**Data for the task**
▼

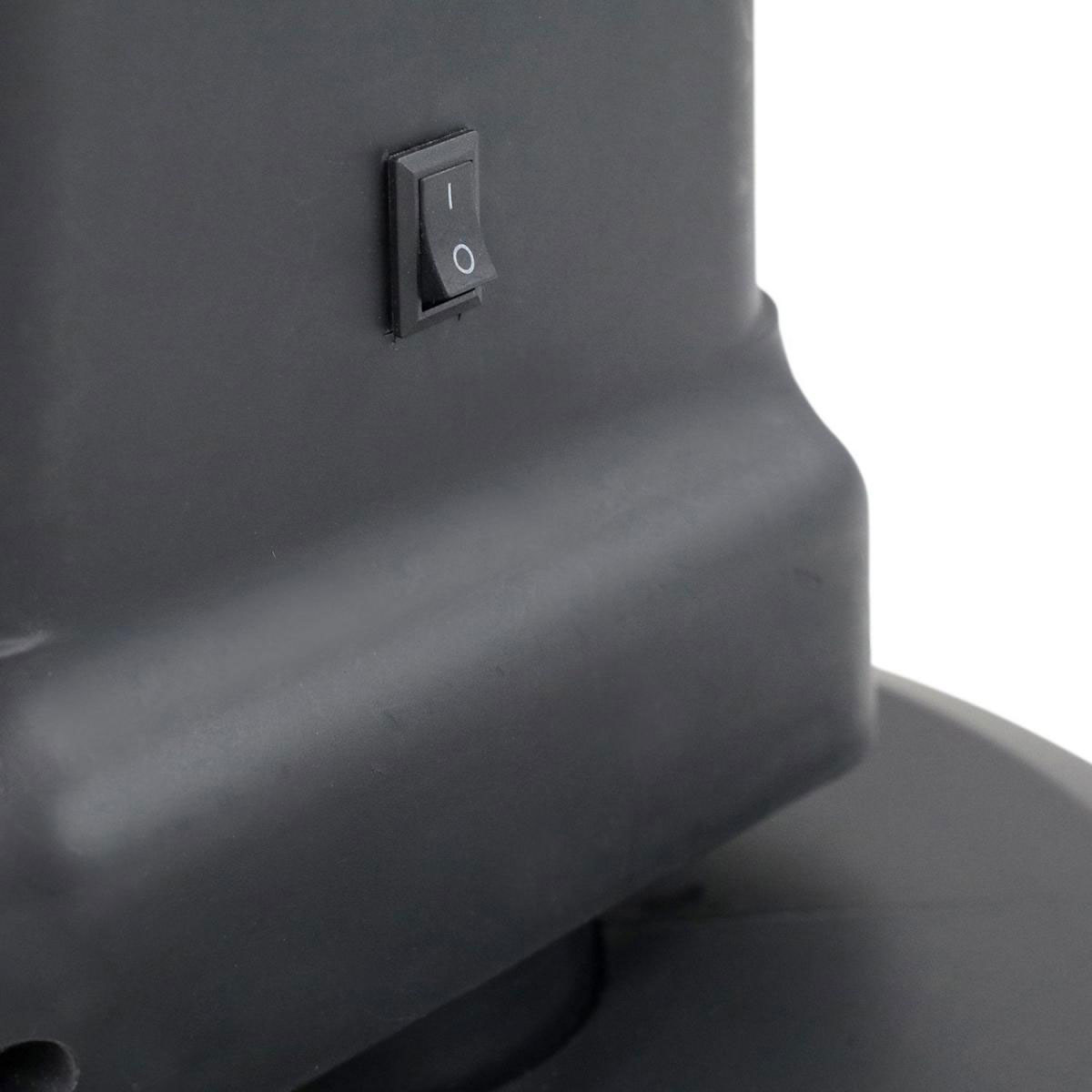 Rowi Keramik-Turmheizgerät 2000 Watt schwarz Bild 4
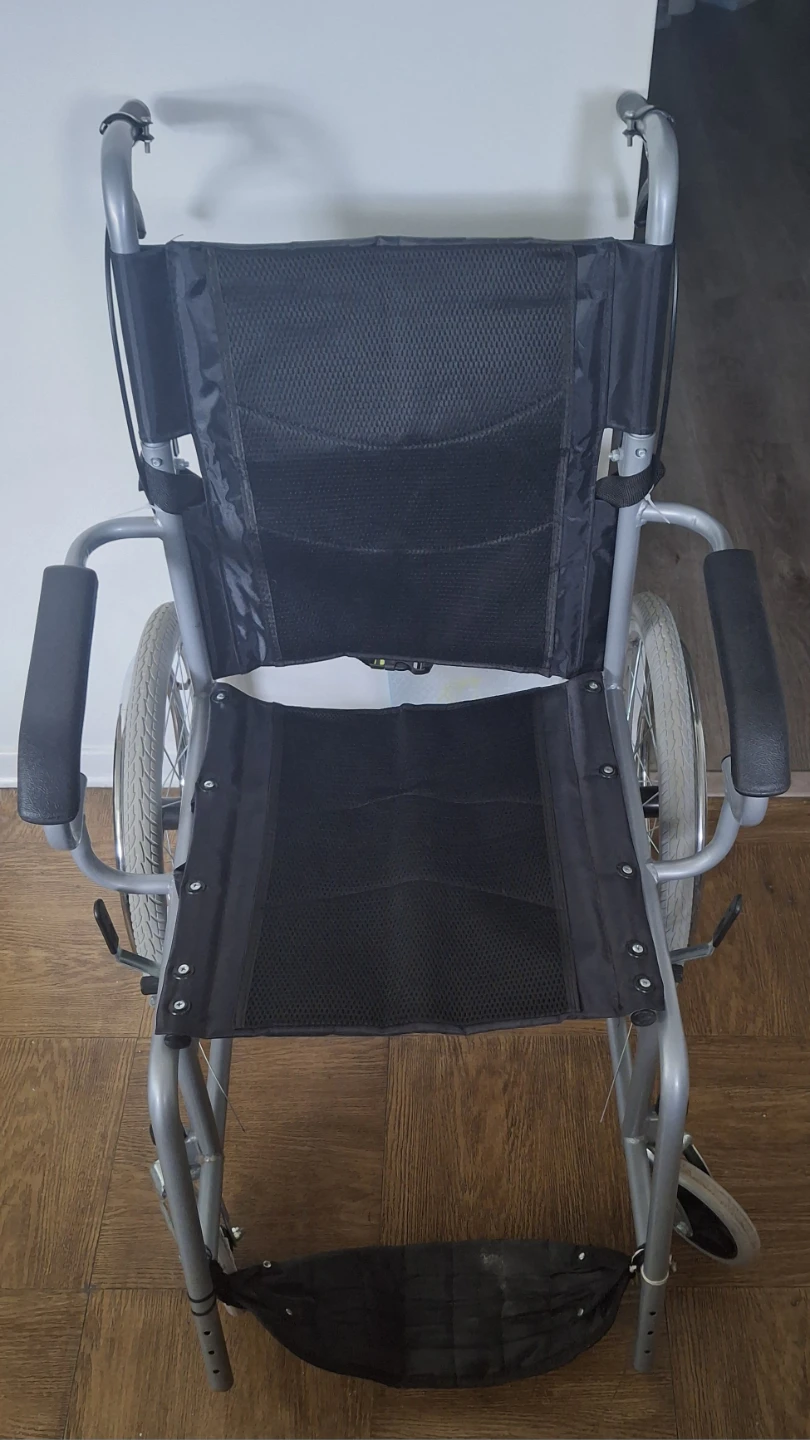 Wheelchair
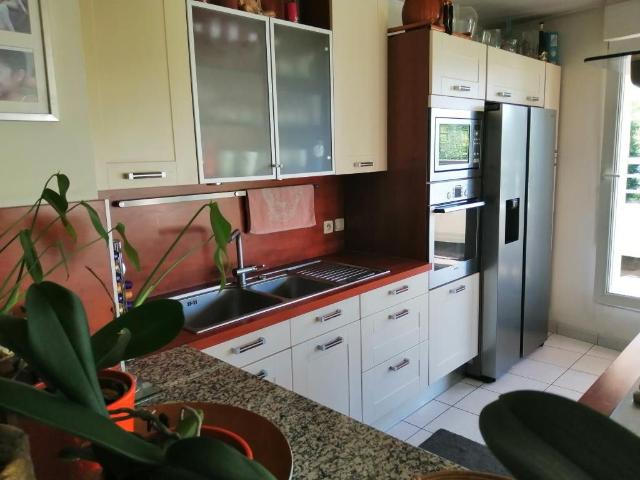 Appartement vente à Reims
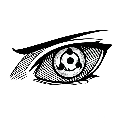 flsharinganeye emote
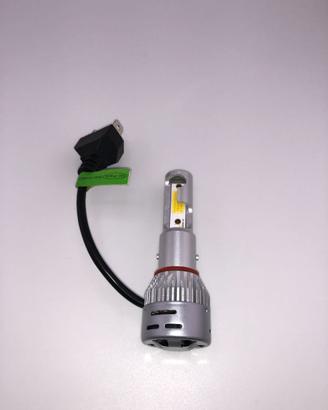 Lampadina LED HS1 H4 Moto Scooter 4300K COB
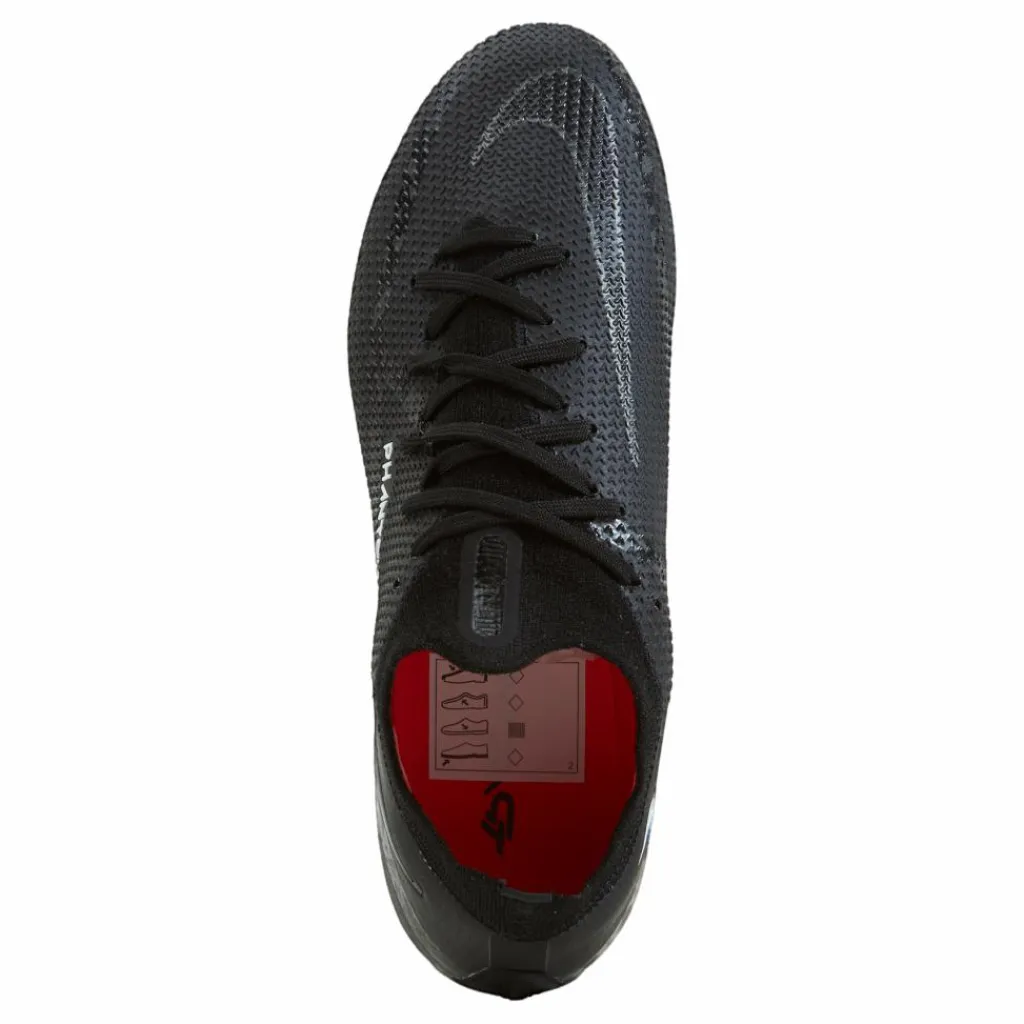 Nike Phantom Gt2 Elite Ag-pro Black/dk Smoke Grey-summit Whi Svart New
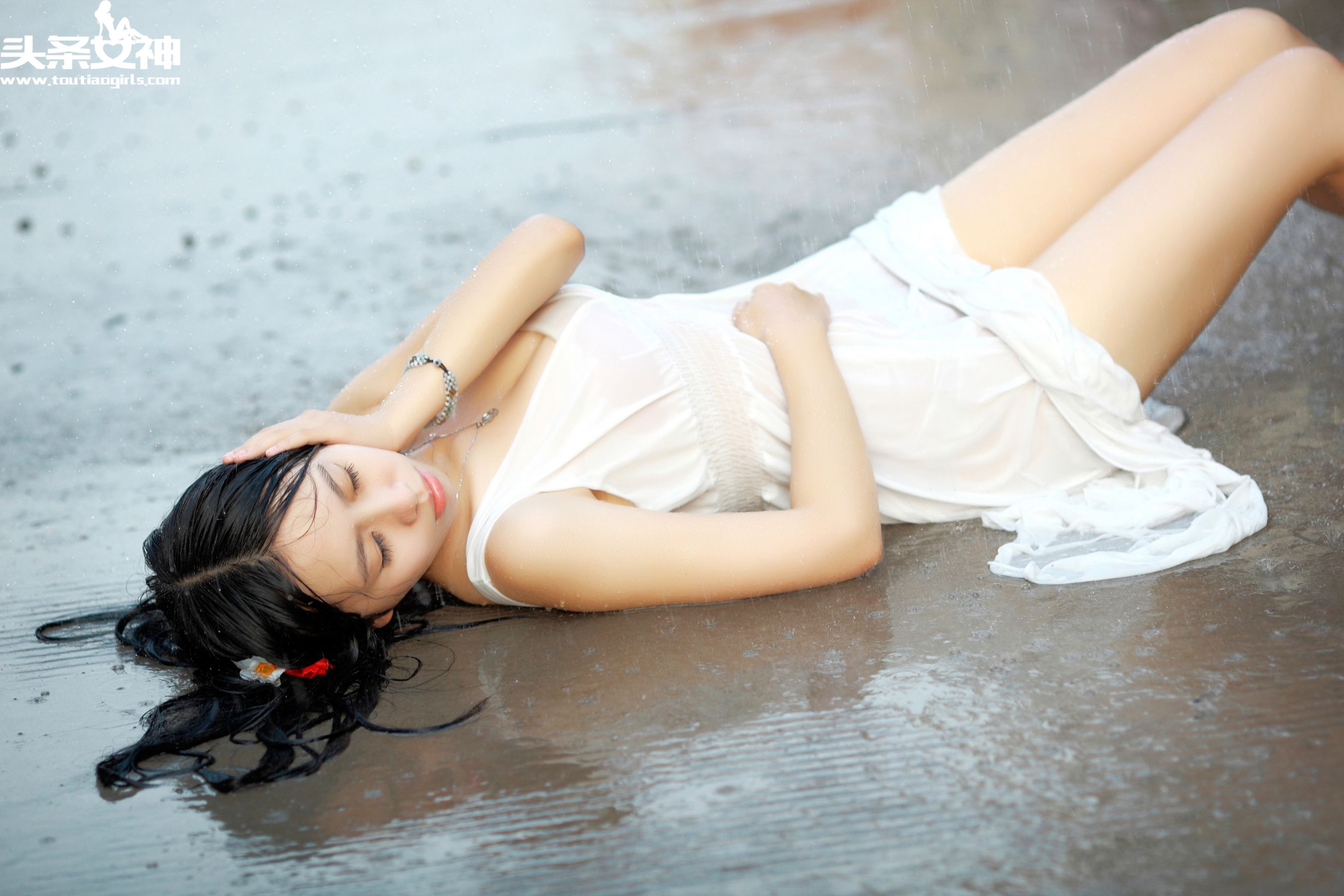 琪琪《异域萝莉》-图21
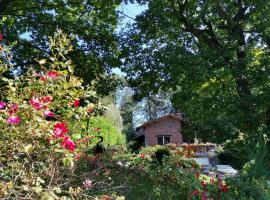 Les Sittelles - Tilff, hotel v destinaci Esneux
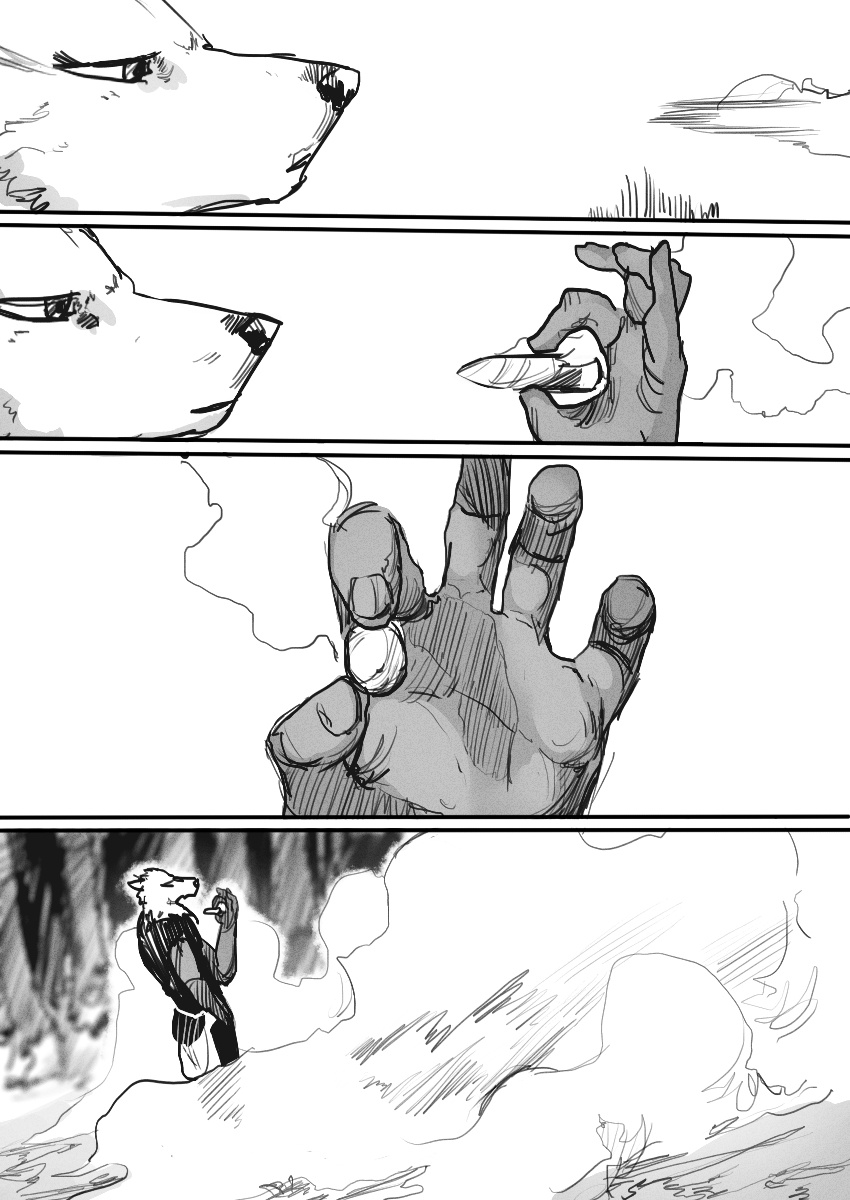 Dog Nigga Chapter 32 - Page 15 in English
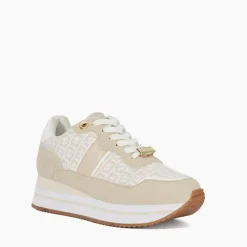 New Escapade Monogram Flatform Trainers Women Trainers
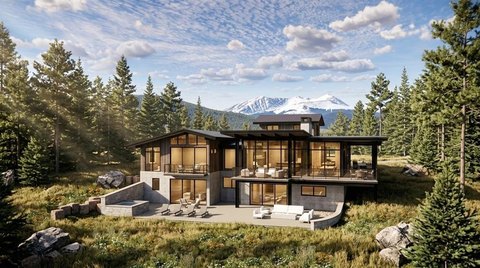 LAND - BRECKENRIDGE, CO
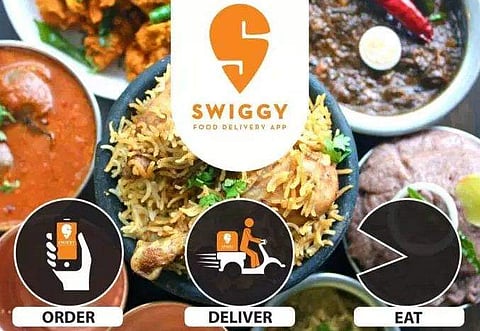 വേതനം നല്‍കുന്നില്ല; ഫുഡ് ഡെലിവറി ആപ്പായ 'സ്വിഗ്ഗി'യിലെ ജീവനക്കാര്‍ അനിശ്ചിതകാല സമരത്തില്‍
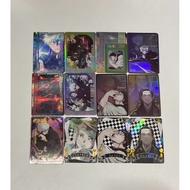 Jujutsu kaisen Card Board Games Card Games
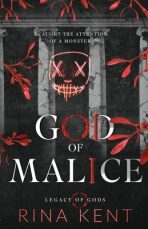 God of Malice: Special Edition Print - Rina Kent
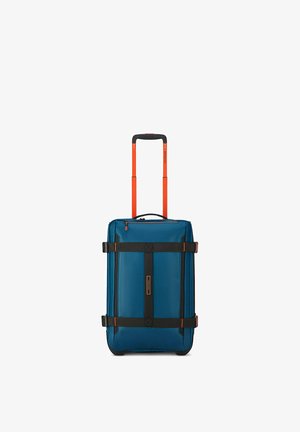 RV Roncato, NORWAY BORSONE TROLLEY 55X35X20 CM UNISEX - Trolley - blu denim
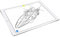 Apple iPad Pro 12.9 (1st Gen) 128GB 4G - Argento - Sbloccato (Ricondizionato)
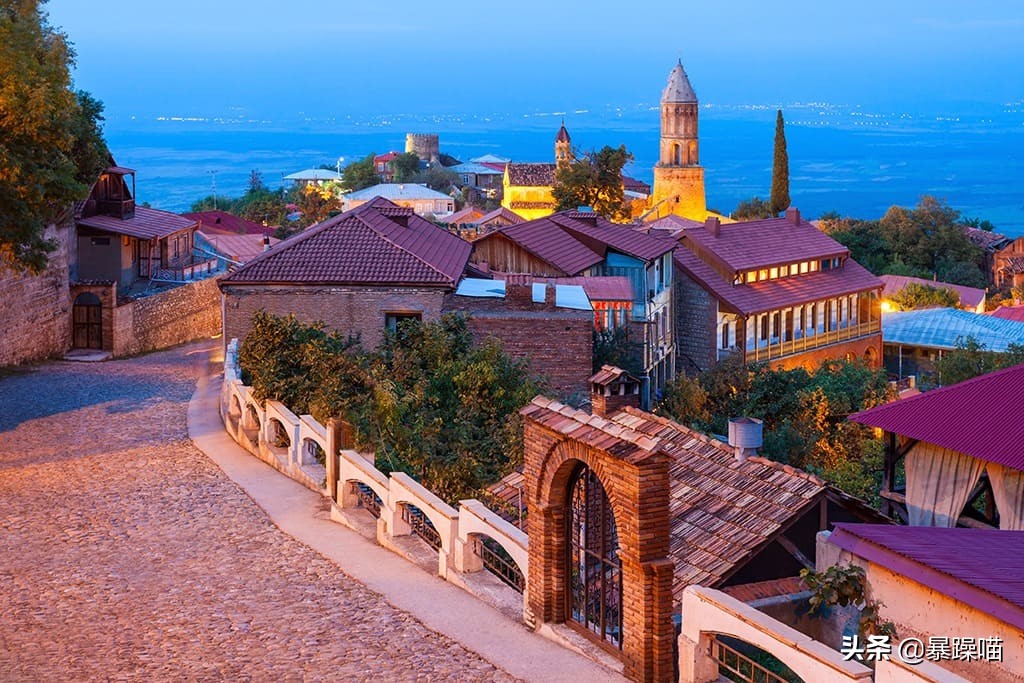 美丽国度格鲁吉亚,不存在的国度格鲁吉亚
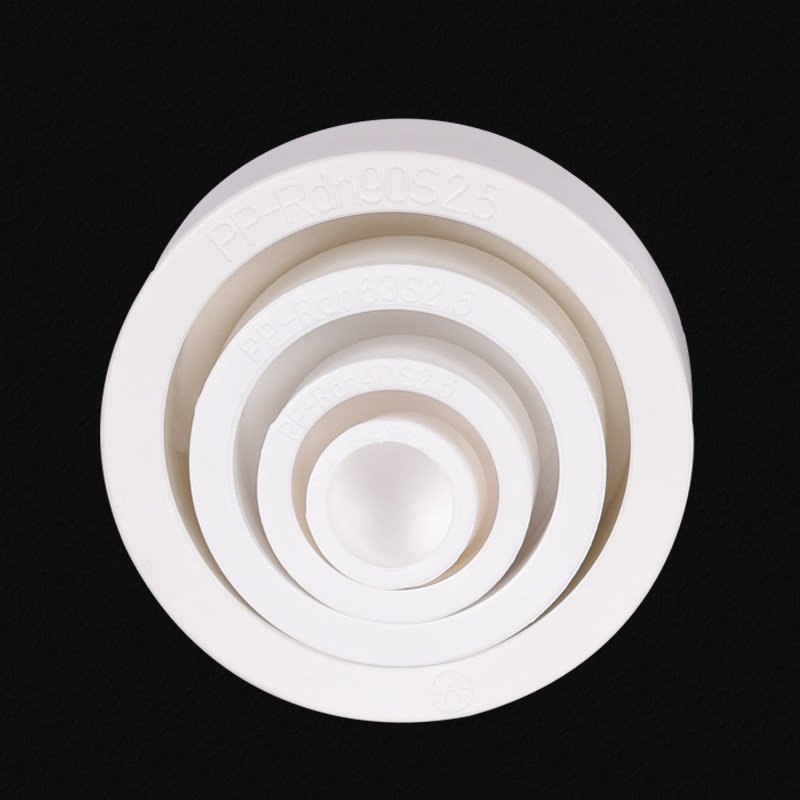 管帽ppr堵头ppr堵帽热熔接头管盖4分6分ppr管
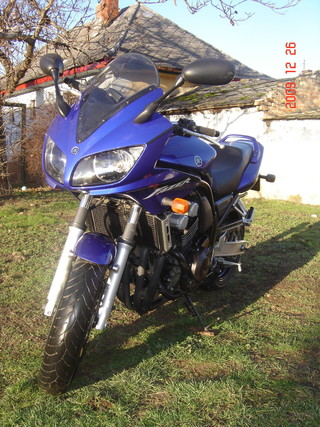 Fzs 600 Fazer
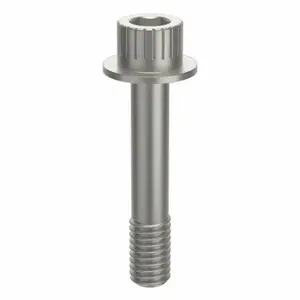 GRAINGER ZPS72038C22 Socket Head Cap Screw, 3/8-16 Thread Size, 2 Inch Size Length, Plain, Aluminum | CQ4WLM 45FZ63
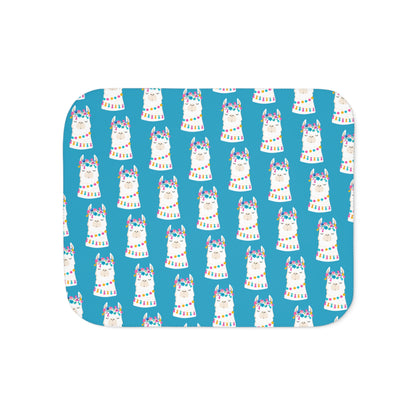 Save the Drama Sherpa Blanket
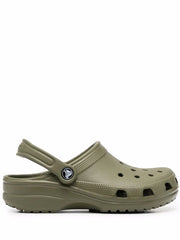Crocss Yukon Green Clog 1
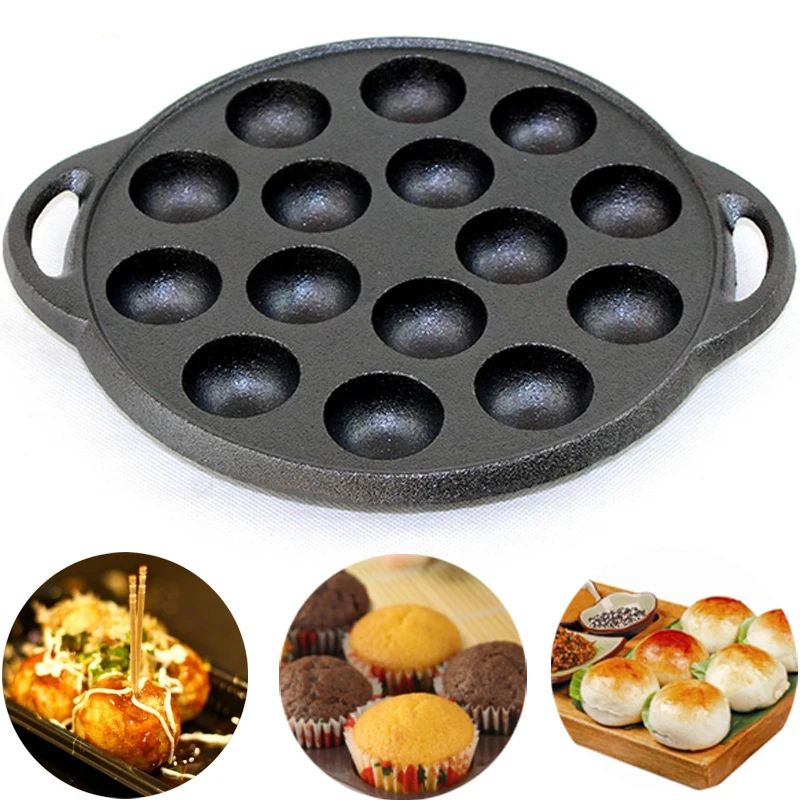 Форма для печенья торта противень выпечки вафельный чугун кухонные противни мяч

▲

**Work instructions**
The whole of the data needs to be copied word for word, though not its pictures.

**Solved problem**
 Rowi Keramik-Turmheizgerät 2000 Watt schwarz Bild 4
 Wheelchair
 Appartement vente à Reims
 flsharinganeye emote
 Lampadina LED HS1 H4 Moto Scooter 4300K COB
 Nike Phantom Gt2 Elite Ag-pro Black/dk Smoke Grey-summit Whi Svart New
 琪琪《异域萝莉》-图21
 Les Sittelles - Tilff, hotel v destinaci Esneux
 Dog Nigga Chapter 32 - Page 15 in English
 New Escapade Monogram Flatform Trainers Women Trainers
 LAND - BRECKENRIDGE, CO
 വേതനം നല്‍കുന്നില്ല; ഫുഡ് ഡെലിവറി ആപ്പായ 'സ്വിഗ്ഗി'യിലെ ജീവനക്കാര്‍ അനിശ്ചിതകാല സമരത്തില്‍
 Jujutsu kaisen Card Board Games Card Games
 God of Malice: Special Edition Print - Rina Kent
 RV Roncato, NORWAY BORSONE TROLLEY 55X35X20 CM UNISEX - Trolley - blu denim
 Apple iPad Pro 12.9 (1st Gen) 128GB 4G - Argento - Sbloccato (Ricondizionato)
 美丽国度格鲁吉亚,不存在的国度格鲁吉亚
 管帽ppr堵头ppr堵帽热熔接头管盖4分6分ppr管
 Fzs 600 Fazer
 GRAINGER ZPS72038C22 Socket Head Cap Screw, 3/8-16 Thread Size, 2 Inch Size Length, Plain, Aluminum | CQ4WLM 45FZ63
 Save the Drama Sherpa Blanket
Crocss Yukon Green Clog 1
 Форма для печенья торта противень выпечки вафельный чугун кухонные противни мяч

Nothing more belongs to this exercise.